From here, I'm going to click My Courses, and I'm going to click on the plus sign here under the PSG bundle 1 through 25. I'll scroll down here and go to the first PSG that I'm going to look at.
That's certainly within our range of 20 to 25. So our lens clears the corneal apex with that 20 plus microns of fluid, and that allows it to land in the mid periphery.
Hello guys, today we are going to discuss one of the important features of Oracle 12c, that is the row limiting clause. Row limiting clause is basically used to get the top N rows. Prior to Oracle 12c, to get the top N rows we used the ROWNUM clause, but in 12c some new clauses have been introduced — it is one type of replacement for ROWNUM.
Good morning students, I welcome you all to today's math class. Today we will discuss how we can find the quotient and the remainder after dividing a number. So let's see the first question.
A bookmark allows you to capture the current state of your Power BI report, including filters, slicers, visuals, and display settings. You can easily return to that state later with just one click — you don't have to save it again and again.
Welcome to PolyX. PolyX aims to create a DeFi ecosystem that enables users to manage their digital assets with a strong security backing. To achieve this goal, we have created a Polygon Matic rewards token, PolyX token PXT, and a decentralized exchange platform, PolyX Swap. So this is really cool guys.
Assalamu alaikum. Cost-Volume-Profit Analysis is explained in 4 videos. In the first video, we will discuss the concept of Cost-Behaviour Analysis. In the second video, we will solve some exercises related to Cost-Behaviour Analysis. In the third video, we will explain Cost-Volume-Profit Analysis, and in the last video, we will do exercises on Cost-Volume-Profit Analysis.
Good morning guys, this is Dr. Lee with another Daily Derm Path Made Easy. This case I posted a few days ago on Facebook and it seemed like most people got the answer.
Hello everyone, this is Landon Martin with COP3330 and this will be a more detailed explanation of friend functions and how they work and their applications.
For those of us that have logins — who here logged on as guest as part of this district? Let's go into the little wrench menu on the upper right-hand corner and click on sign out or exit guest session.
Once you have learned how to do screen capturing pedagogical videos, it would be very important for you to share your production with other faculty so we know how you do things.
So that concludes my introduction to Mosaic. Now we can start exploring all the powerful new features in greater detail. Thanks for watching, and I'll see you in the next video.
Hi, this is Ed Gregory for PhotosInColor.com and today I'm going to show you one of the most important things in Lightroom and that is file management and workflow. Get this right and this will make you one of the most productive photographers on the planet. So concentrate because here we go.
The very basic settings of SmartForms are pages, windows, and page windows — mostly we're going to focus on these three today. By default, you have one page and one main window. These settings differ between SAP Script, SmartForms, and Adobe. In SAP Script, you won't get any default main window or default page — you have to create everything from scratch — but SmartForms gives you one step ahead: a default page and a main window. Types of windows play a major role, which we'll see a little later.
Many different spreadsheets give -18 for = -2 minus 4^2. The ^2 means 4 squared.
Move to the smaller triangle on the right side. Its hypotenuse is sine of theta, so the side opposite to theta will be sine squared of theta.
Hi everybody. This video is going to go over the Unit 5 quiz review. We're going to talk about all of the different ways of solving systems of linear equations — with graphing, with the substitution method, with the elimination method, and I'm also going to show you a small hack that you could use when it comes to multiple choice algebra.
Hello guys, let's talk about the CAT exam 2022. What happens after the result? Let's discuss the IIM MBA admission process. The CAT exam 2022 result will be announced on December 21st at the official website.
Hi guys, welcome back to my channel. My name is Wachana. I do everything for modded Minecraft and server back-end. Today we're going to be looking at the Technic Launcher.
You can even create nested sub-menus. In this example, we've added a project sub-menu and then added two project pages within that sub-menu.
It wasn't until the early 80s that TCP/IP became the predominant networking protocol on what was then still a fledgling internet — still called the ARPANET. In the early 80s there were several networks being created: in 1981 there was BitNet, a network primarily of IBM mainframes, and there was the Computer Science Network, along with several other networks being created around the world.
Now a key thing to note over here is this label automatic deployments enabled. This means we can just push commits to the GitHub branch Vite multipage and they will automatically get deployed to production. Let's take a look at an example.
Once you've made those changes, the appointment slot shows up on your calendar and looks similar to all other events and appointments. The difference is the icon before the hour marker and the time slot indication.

• • • • •

§ **Task item**
Could you state how many lines above include the word "within"? Reply with that number alone.

§ **Result of the exercise**
2